Geology 102 Development of Stream and Landscapes

R 935

Streams surround us everyday of our lives, no matter where you live. They are one of the most important natural features of the Earth as well. The first civilizations were based around rivers in the west and recently rivers have been the beginnings of new cities in new countries, such as our own. Streams may be one of the most amazing surface features on the Earth. Their dynamics and specializations make them amazing. All streams start from a youthful stage where they down-cut towards base level and grow from erosion. All streams on earth do have special parts to them as well as special characteristics. All streams have energy, but it is not always the same for every stream. Some may have a very high energy while others may barely have any. Stream energy depends upon a few factors. These factors being: Gradient: the slope of the channel in feet or inches per mile; also called velocity. Size, shape, and condition of the channel in relation to turbulence: for example is there is a high amount of rocks in the channel, the turbulence will be increased and the energy will be decreased. Discharge: the volume of water the flows past a point in any given amount of time. Load carrying ability: graded streams are able to carry their load without trouble which leads to a fairly smooth profile and clear water whereas a non-graded steam doesn’t have the ability to carry its load which leads to generally muddy water with many rocks in the bed. Like most other features on the Earth, streams must go through a series of stages and evolution however; it is not only the stream that goes through these stages of development but the land around the stream as well. Landscape development and Stream development parallel each other. The three stages of land and stream development and evolution are youthful, mature, and old age.

Youthful Streams and Landscapes Youthful streams and landscapes are usually the easiest to identify. Here is a list of common characteristics of a youthful landscape. • Usually contain youthful or intermittent streams • Have no floodplains • Are located within the headwaters area • Are usually made up of 20-80% un-dissected upland or flat land. Here is a list of common characteristics of a youthful stream. • Have a high gradient • Have a high velocity • Have a low volume • Usually have straight channels • Stream fills most of the V-shaped valley • Streams are mostly graded; clear with a generally smooth profile • There can be many areas of turbulence such as small waterfalls and rapids • Usually the youthful stream are down cutting toward base level • The streams begin at their headwaters with gullies and rills

An example of a youthful stream.

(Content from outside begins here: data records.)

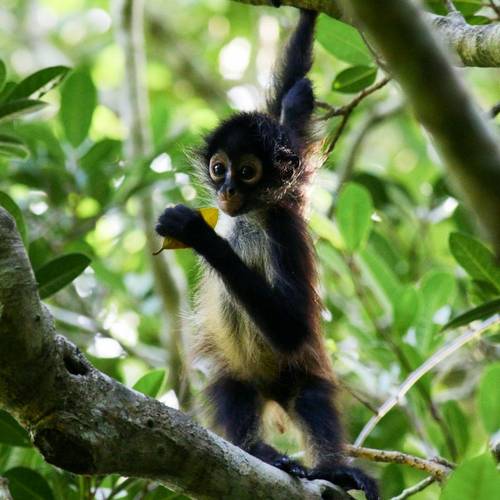 Spider Monkey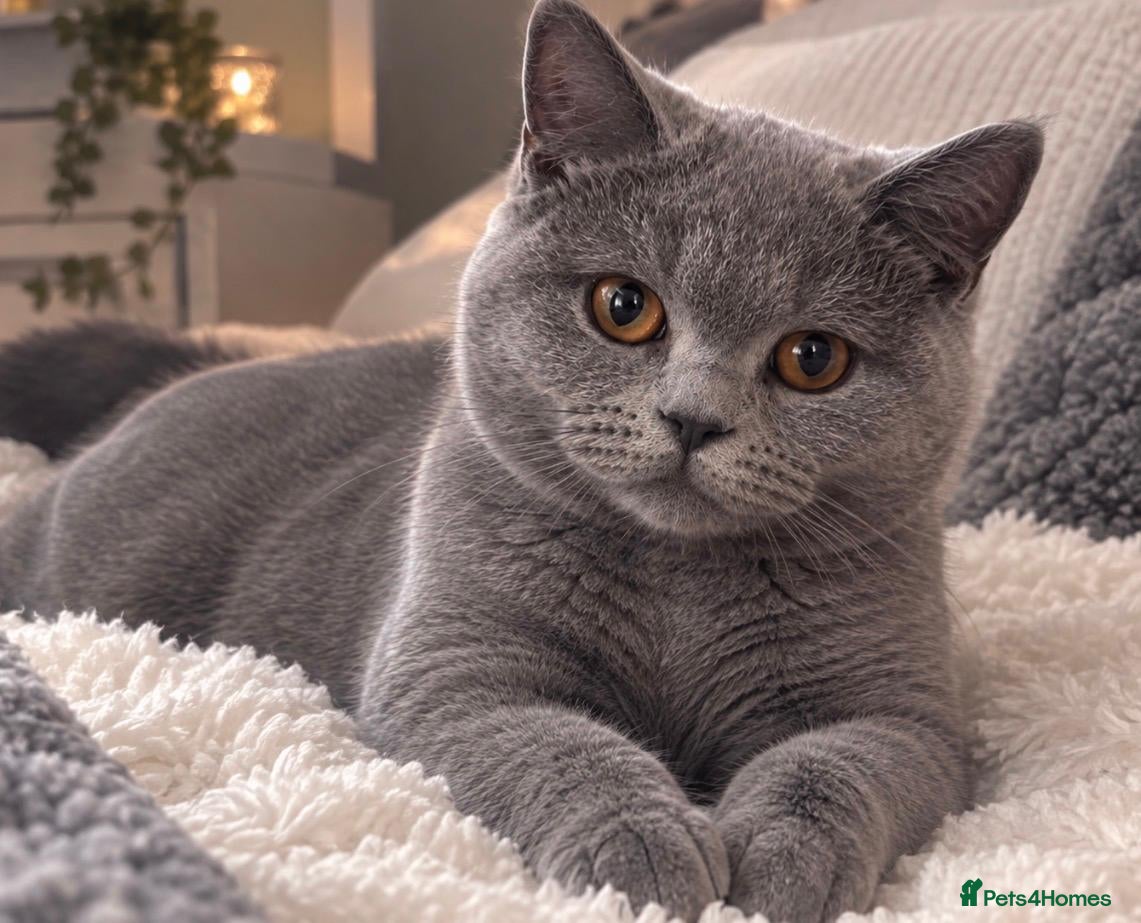 British Shorthair cats 💙 GCCF Registered Blue British Shorthair Boy 💙 - Advert 17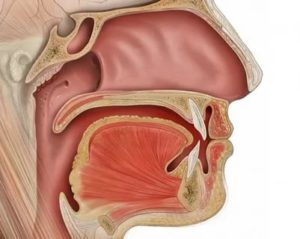 Устройство носоглотки человека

This stream is full of energy; notice the water fall and abundance of rocks within the channel.

Mature Streams and Landscapes Mature streams and landscapes are quite different from both the youthful and the old age stages. They do not have the youthful, just created look as the youthful streams and landscapes do. Some common characteristics of a mature landscape include: • Most land is in a slope • Rolling topography/ rounded hilltops • Only 5% or less of the land is un-dissected • There are usually small to moderate floodplains • Mature streams. Some common characteristics for identifying mature streams are: • Reduced gradient • Closer to base level due to the reduced gradient • Moderate velocity • Moderate volume • Moderately wide floodplain (1-3miles) • Energy shifts from down-cutting to more lateral erosion • Well developed meanders; natural curves in a stream due to shifting currents • Only a few oxbow lakes, natural levees, and sand/gravel bars. • Usually have a short life span

Example of a mature landscape in Pennsylvania. Notice the rather flat land in comparison to a youthful landscape.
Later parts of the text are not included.